The Parents’ Room is part of Marcon’s ongoing investigation into representations of reality through the destructuring of cinematic language. Exquisitely shot on 35mm film and soundtracked by an original musical score, composed by Federico Chiari and recorded at London’s Trinity School of Music, the film is a structuralist pastiche which eerily evokes the Golden Age of musical cinema and subverts codified genres like horror, slapstick comedy, musicals, and cartoons. As in Marcon’s previous works, most notably Monelle (2017) and Ludwig (2018), his interest in the more sombre realms of the human psyche is represented by the recurrent motif of childhood to evoke a primary, vulnerable human condition.
The Parents’ Room is a dark recital of tragedy and ambivalence. The narrative follows the operatic account of a man, perched on the edge of an unmade bed, who sings of the murders of his wife and two small children, and his own suicide. The mise-en-scene is peaceful; snow drifts past the open window and a blackbird’s song provides the melody for the father’s account. The juxtaposition of the domestic setting with the characters’ misfigured forms and the unfolding account of their twisted fate elicits feelings of confusion and revulsion. The employment of CGI effects and prosthetics gives rise to an uncanny, cartoonish characterisation. The hyper-realistic masks lend them a puppet-like form, rendering their movements reminiscent of stop-motion animation and further cultivating a distortion of reality that is characteristic of Marcon’s work.
The world premiere of The Parents’ Room was at Cannes Film Festival’s Directors’ Fortnight, the section dedicated to the most experimental and visionary practices in contemporary cinema.

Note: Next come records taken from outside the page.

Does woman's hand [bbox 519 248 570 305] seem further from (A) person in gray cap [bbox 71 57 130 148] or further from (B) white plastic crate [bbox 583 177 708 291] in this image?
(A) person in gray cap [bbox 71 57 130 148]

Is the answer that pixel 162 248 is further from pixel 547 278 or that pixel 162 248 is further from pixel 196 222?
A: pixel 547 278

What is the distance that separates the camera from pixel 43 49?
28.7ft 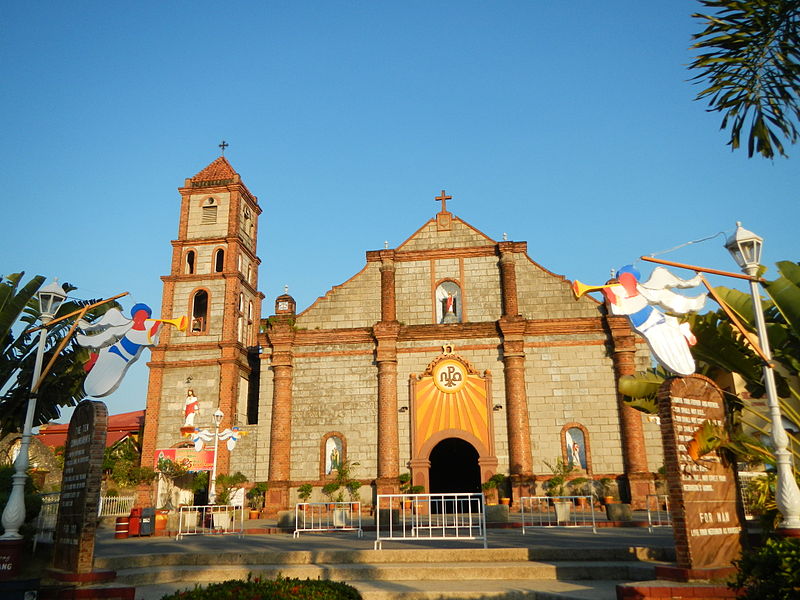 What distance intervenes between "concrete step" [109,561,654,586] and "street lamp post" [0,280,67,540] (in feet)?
6.30

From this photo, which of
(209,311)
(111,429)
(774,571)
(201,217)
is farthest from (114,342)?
(111,429)

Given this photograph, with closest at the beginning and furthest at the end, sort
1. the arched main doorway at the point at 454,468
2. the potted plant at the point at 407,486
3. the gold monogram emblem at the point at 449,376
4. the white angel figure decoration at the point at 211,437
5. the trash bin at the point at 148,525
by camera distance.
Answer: the trash bin at the point at 148,525
the white angel figure decoration at the point at 211,437
the potted plant at the point at 407,486
the gold monogram emblem at the point at 449,376
the arched main doorway at the point at 454,468

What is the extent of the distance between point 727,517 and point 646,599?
2172 mm

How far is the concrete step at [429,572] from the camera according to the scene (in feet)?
34.8

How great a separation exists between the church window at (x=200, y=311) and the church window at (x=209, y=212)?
3624mm

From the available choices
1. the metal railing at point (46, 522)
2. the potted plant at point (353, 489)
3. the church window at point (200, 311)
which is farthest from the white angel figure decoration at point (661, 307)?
the church window at point (200, 311)

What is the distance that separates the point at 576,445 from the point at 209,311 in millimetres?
16884

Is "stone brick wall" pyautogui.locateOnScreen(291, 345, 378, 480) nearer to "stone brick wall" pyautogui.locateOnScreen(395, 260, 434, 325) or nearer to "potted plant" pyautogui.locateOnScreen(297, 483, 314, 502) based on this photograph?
"potted plant" pyautogui.locateOnScreen(297, 483, 314, 502)

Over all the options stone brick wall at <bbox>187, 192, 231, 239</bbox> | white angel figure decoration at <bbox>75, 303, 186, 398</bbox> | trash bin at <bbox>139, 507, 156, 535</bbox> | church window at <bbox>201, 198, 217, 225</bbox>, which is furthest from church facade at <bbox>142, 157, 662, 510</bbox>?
white angel figure decoration at <bbox>75, 303, 186, 398</bbox>

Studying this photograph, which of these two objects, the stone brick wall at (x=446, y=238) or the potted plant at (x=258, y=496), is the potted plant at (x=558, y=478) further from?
the potted plant at (x=258, y=496)

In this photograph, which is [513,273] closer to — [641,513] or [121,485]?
[641,513]

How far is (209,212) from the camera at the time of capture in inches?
1245

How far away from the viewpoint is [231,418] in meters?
27.1

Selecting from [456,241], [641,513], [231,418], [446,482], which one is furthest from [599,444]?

Subsequently, the work featured in the 32nd edition of FIDMarseille International Film Festival. Following the exhibition at the Madre museum in Naples, on October 9th, INCURVA will present a site-specific installation in a cinema and an artist talk in Trapani, Sicily, where Marcon undertook a residency in 2018 as part of the Curva Blu programme. In November the work will be shown at the Depot Boijmans Van Beuningen, Rotterdam.

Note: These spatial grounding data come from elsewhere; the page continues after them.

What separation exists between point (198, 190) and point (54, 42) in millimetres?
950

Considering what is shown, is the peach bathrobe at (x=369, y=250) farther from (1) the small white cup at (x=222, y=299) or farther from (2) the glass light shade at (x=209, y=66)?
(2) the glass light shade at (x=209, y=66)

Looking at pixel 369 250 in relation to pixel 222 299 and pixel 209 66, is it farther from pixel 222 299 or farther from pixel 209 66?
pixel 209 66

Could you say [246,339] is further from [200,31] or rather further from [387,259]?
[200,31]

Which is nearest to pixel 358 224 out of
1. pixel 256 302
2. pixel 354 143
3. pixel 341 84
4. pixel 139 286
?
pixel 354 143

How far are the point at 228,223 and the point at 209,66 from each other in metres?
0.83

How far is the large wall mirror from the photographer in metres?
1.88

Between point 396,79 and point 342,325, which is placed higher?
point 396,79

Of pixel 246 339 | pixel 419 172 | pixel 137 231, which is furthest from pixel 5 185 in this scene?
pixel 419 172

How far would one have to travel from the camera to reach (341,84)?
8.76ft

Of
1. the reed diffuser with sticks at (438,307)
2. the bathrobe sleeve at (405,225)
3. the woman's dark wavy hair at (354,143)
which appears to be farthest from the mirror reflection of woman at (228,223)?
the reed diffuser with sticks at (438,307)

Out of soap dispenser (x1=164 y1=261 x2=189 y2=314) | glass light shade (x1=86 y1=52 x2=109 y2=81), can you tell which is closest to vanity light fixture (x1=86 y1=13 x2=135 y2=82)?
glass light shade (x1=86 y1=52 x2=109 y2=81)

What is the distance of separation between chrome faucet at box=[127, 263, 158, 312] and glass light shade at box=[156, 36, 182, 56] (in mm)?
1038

In March 2021, the artist’s first monograph was published by Lenz Press. The monograph, titled Three Works, comprises a complete index of Marcon’s works alongside texts by Yann Chateigné-Tytelman, Eva Fabbris and Andréa Picard, and an interview with Federico Chiari, sound designer and composer of Marcon’s film scores. The artist’s working process is illustrated with the use of film frames, video stills, installation views and images. Three Works is edited by curator and art historian Eva Fabbris.

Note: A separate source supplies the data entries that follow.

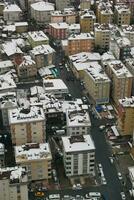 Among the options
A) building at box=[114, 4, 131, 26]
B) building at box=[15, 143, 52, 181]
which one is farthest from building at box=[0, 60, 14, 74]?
building at box=[114, 4, 131, 26]

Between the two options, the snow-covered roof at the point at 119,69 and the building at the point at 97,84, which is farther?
the building at the point at 97,84

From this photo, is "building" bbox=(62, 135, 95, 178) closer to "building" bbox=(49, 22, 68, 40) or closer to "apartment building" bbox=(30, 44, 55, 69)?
"apartment building" bbox=(30, 44, 55, 69)

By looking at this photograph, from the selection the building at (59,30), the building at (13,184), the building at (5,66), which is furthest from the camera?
the building at (59,30)

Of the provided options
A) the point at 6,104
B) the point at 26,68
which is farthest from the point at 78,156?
the point at 26,68

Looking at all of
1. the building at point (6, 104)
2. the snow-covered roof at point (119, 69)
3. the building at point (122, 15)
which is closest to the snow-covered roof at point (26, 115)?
the building at point (6, 104)

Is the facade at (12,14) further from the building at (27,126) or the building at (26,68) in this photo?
the building at (27,126)

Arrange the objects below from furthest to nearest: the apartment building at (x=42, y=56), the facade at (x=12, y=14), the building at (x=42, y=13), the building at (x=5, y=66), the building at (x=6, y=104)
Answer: the building at (x=42, y=13) → the facade at (x=12, y=14) → the apartment building at (x=42, y=56) → the building at (x=5, y=66) → the building at (x=6, y=104)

Co-produced by INCURVA (Trapani) and Fondazione Donnaregina per le arti contemporanee - Museo Madre (Naples), the project is supported by the Italian Council (7th Edition, 2019), a programme by the Directorate-General for Contemporary Creativity of the Italian Ministry of Culture that promotes Italian contemporary art in the world. The film was produced in partnership with Primitive Film and FIDLab International co-production platform. The artist, the curators, INCURVA and Madre would like to extend special further thanks to ERMES ERMES, Rome-Vienna; and Fondazione In Between Art Film, Rome; Fondazione Memmo, Rome; and Gasworks, London.